▸ **Problem to work on**: Everything in the listing below should be written out again exactly, except the pictures.
---- Collected data
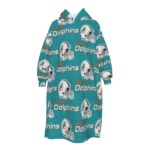 Miami Dolphins Zubaz All-Over Print Kid's Sherpa Fleece Mid-Length Hoodie Blanket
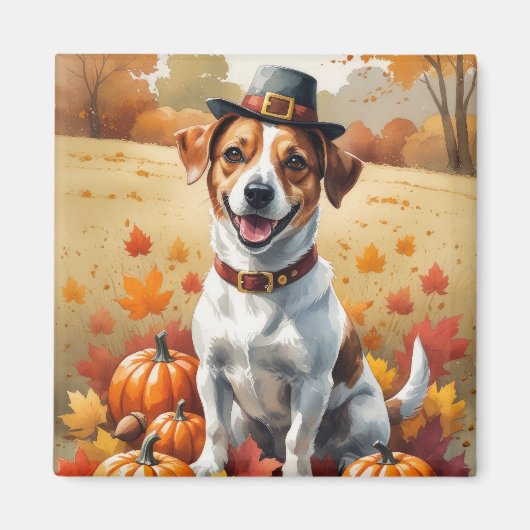 Jack Russell im Herbst lässt Erntedank Kunst Magnet (Vorne)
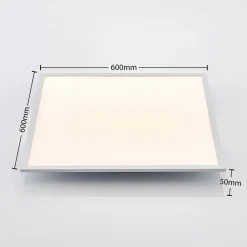 Lindby LED-panel Quais, 60 x 60 cm, hvid, aluminium, 4.000K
--------
▸ **Finished exercise**:
 Miami Dolphins Zubaz All-Over Print Kid's Sherpa Fleece Mid-Length Hoodie Blanket
 Jack Russell im Herbst lässt Erntedank Kunst Magnet (Vorne)
 Lindby LED-panel Quais, 60 x 60 cm, hvid, aluminium, 4.000K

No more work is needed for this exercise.